== Segment start ==

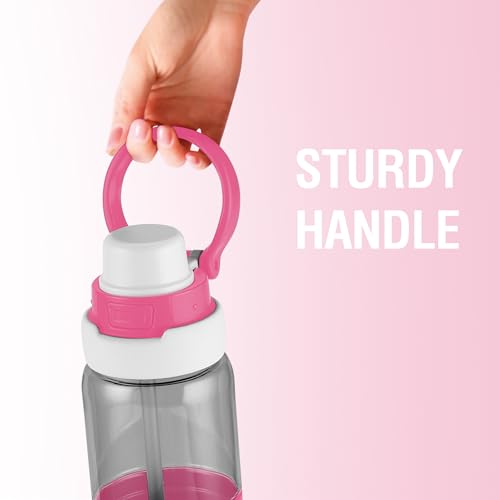 Image of MILTON Navi 800 2-in-1 Lid Sip or Gulp Water Bottle 800 ml | Sturdy Handle I BPA Free| Food-Grade | One-Touch Open | Leak-Proof | Ideal for Office, School, College, Gym, Pink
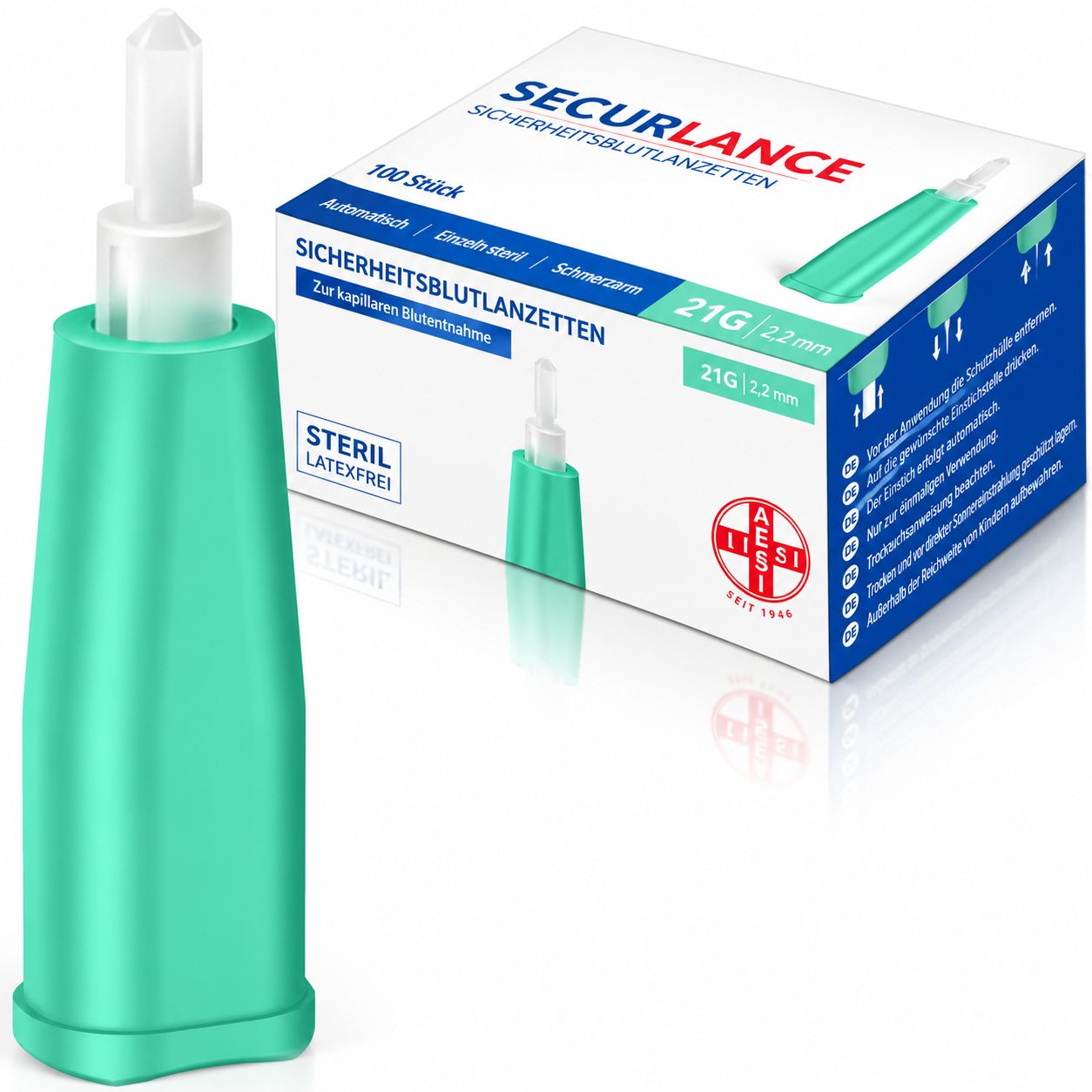 Sicherheits-Blutlanzetten 21G x 22mm, steril, latexfrei, 100 Stück.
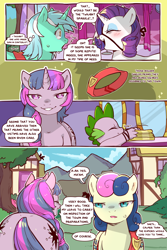 Size: 960x1440 | Tagged: safe, artist:cold-blooded-twilight, bon bon, lyra heartstrings, rarity, spike, sweetie drops, twilight sparkle, dragon, earth pony, pony, unicorn, cold blooded twilight, comic:cold storm, g4, alternate hairstyle, blushing, both cutie marks, butt, comic, dialogue, eyepatch, eyes closed, eyeshadow, female, glowing, glowing eyes, makeup, mare, plot, sash, shivering, speech bubble, sweat, thought bubble, twibutt, wide hips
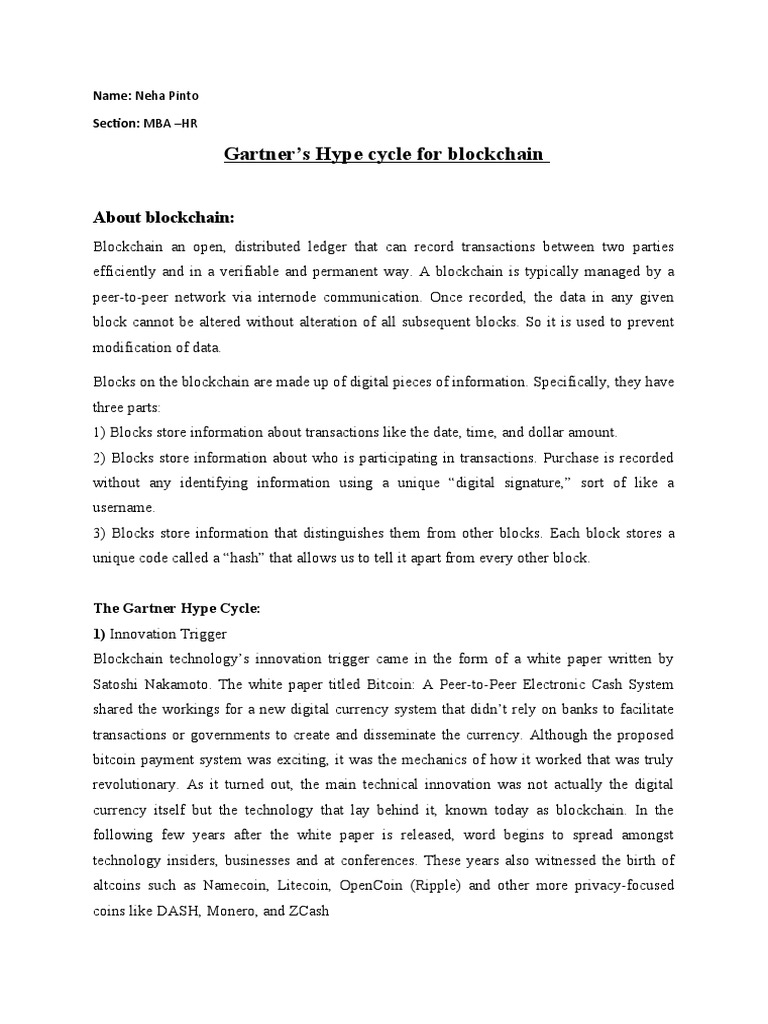 Gartner's Hype Cycle For Blockchain | PDF | Bitcoin | Business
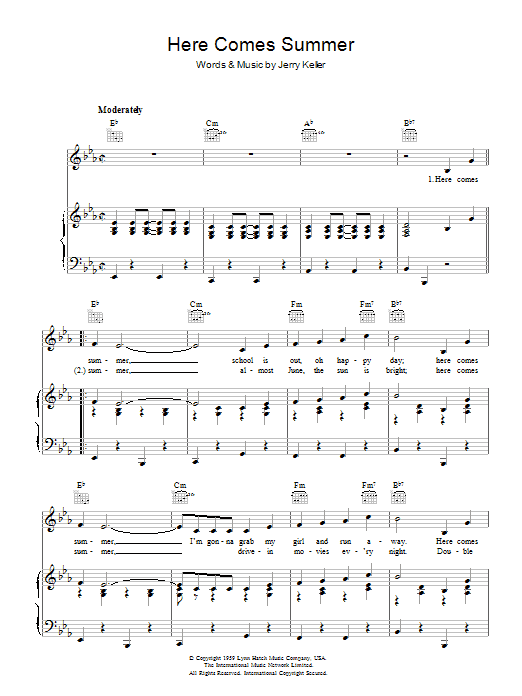 Produktgalerie: Seite 1 von 1 Here Comes Summer, Jerry Keller, Gesang, Gitarre, Klavier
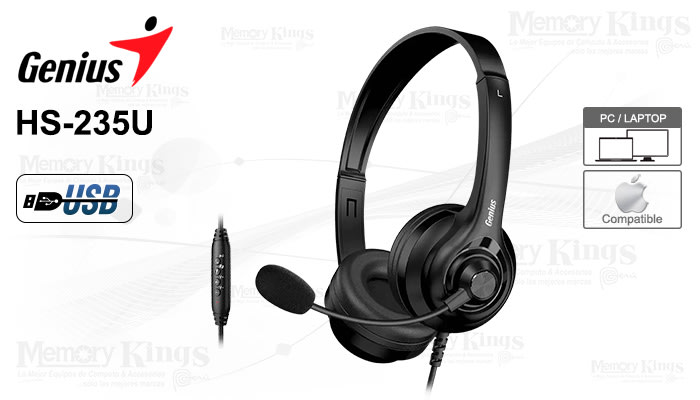 AURICULAR GENIUS HS-235U AI COPILOT 40MM USB-A BLACK (31710036400) (NT8) 0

== Segment end ==

ASSIGNMENT: Exact output of each line above is wanted, without the pictures.

RESULT FOR THIS EXERCISE:
 Image of MILTON Navi 800 2-in-1 Lid Sip or Gulp Water Bottle 800 ml | Sturdy Handle I BPA Free| Food-Grade | One-Touch Open | Leak-Proof | Ideal for Office, School, College, Gym, Pink
 Sicherheits-Blutlanzetten 21G x 22mm, steril, latexfrei, 100 Stück.
 Size: 960x1440 | Tagged: safe, artist:cold-blooded-twilight, bon bon, lyra heartstrings, rarity, spike, sweetie drops, twilight sparkle, dragon, earth pony, pony, unicorn, cold blooded twilight, comic:cold storm, g4, alternate hairstyle, blushing, both cutie marks, butt, comic, dialogue, eyepatch, eyes closed, eyeshadow, female, glowing, glowing eyes, makeup, mare, plot, sash, shivering, speech bubble, sweat, thought bubble, twibutt, wide hips
 Gartner's Hype Cycle For Blockchain | PDF | Bitcoin | Business
 Produktgalerie: Seite 1 von 1 Here Comes Summer, Jerry Keller, Gesang, Gitarre, Klavier
 AURICULAR GENIUS HS-235U AI COPILOT 40MM USB-A BLACK (31710036400) (NT8) 0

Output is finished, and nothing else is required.